The warts are painless, but easily irritated by rubbing, and sometimes they itch. If there has been anal contact, they can grow inside the rectum and around the anus. More rarely with oral contact, they infect the linings of the mouth. If the warts breed in colonies on the cervix, the disease may not be detected until a Pap smear is done. Women with HPV have a five times higher risk of cancer of the cervix.

Larger warts, especially on the cervix, maybe vaporized by laser therapy, but it is difficult to know if they have all been destroyed. The healing process takes 6 weeks. Repeat therapy is necessary if they flare up again; avoid losing patience as laser therapy usually works. Other therapies include burning the warts off by electric cautery, or freezing them with dry ice. The physician then snips them off. External warts can be painted with the drug podophyllin. It takes 3 or 4 weekly treatments for the warts to dry up and drop off.

HPV infection is also called condyloma. The prescription drug Condylox has just been made available for home treatment, which means that patients no longer need to have a physician apply the therapy. At least 56 different types of the virus have been identified.

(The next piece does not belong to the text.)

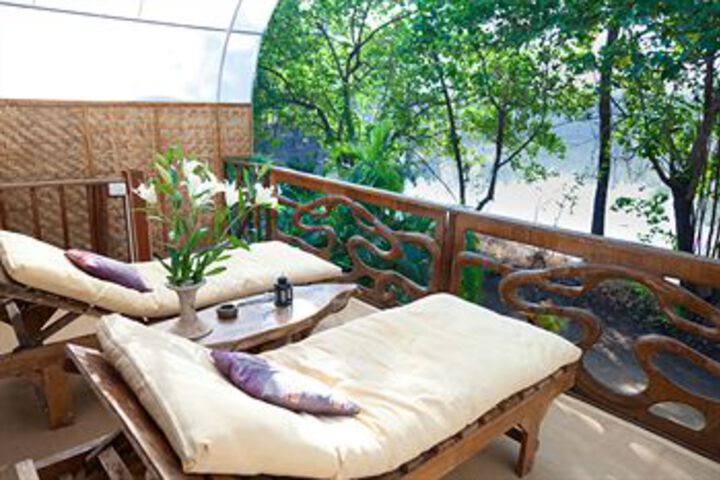 Terrace/Patio 5 of 42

Hepatitis A and B are caused by virus infection of the liver. The virus breeds in waste matter from the bowel and is common where there is poor sanitation. It is passed in contaminated food and drink; less usually, by sexual contact; more rarely, by transfusions of infected blood. Hepatitis is on the increase, probably due to more foreign travel. When visiting areas with poor sanitation, observe strict personal hygiene. Drink bottled water, eschew ice cubes. Avoid anal and oral sexual contact.

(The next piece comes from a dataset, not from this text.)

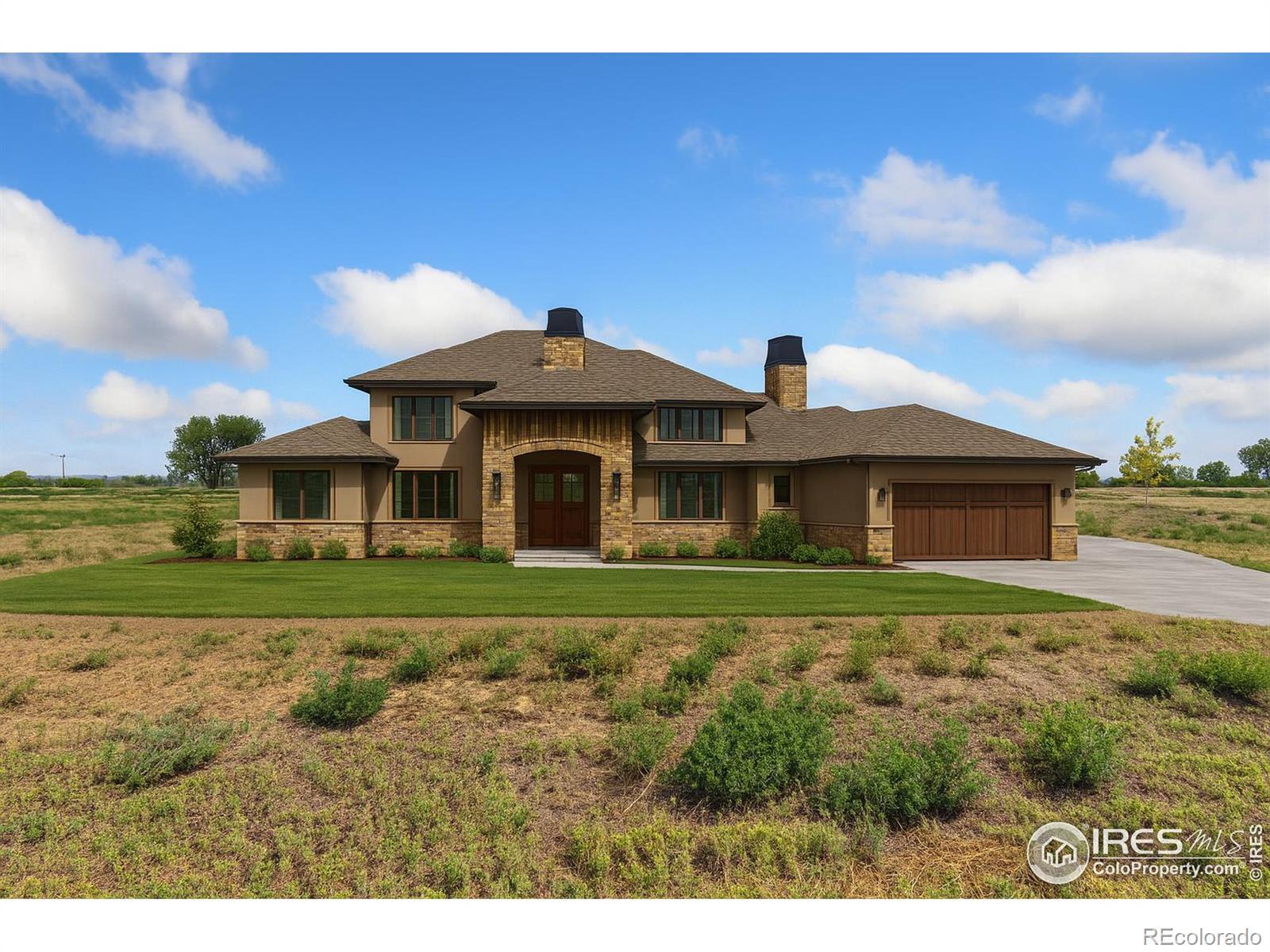 Photo of Listing #IR1040117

The symptoms of both A and B are the same: fever, nausea, headache, fatigue, loss of appetite, and chills. Jaundice shows as a yellow tinge to the skin, fingernails, and whites of the eyes about a week later. Urine can be dark in colour; stools almost whitish. A few people are asymptomatic. With hepatitis A, the symptoms are mild. The defence system builds immunity to the virus, but it remains in the blood and can be transmitted.

The hepatitis B virus (HBV) produces severe symptoms, which start suddenly 1 to 6 months after contact. If liver damage is extensive, death occurs in 5 to 20 percent of cases. The B virus is transmitted in blood and blood products during sexual contact: semen, vagina secretions, saliva, and faeces are suspect. It is also passed by IV drug users sharing infected needles. The incidence of HBV is rising rapidly, perhaps due to more foreign travel and IV drug use. Male homosexuals, heterosexuals with multiple partners, travellers, and drug addicts are high risk groups.


AIDS stands for Acquired Immune Deficiency Syndrome.

Acquired: it is passed on, but not inherited.
Immunodeficiency: the immune system grows weak and deficient.
Syndrome: a group of symptoms of which the cause is unknown.

However, it is now known that AIDS is caused by the human immunodeficiency virus (HIV). The word AIDS is still used to avoid confusion. The virus does not kill, but it damages the immune system, leaving the person vulnerable to rare infections and cancers which are life-threatening. If death occurs, it is not from AIDS, but from one of these opportunistic diseases.

HIV is transmitted in body fluids: blood, blood products, semen, vagina secretions, and breast milk. It does not appear to be easily transmitted in saliva.

The Future

Scientists using an experimental AIDS vaccine have succeeded in changing the way the body fights the AIDS virus. The discovery could open the door to new ways of treating the disease. By giving the vaccine to 30 men and women infected with HIV, researchers found that they were able to prompt the immune systems of most in the group into mounting a more sophisticated counterattack against the virus. It is too early to know if this response will help HIV-infected people to survive the ravages of the disease.

The study’s results counter the long-standing and pessimistic conviction of many AIDS researchers that there is little to be done to improve upon the immune system’s battle against the HIV virus.

New therapies such as the use of the antiviral drug AZT early in infection and inhaled pentamidine to prevent AIDS-caused pneumonia will delay the time when HIV infection develops into full-blown AIDS.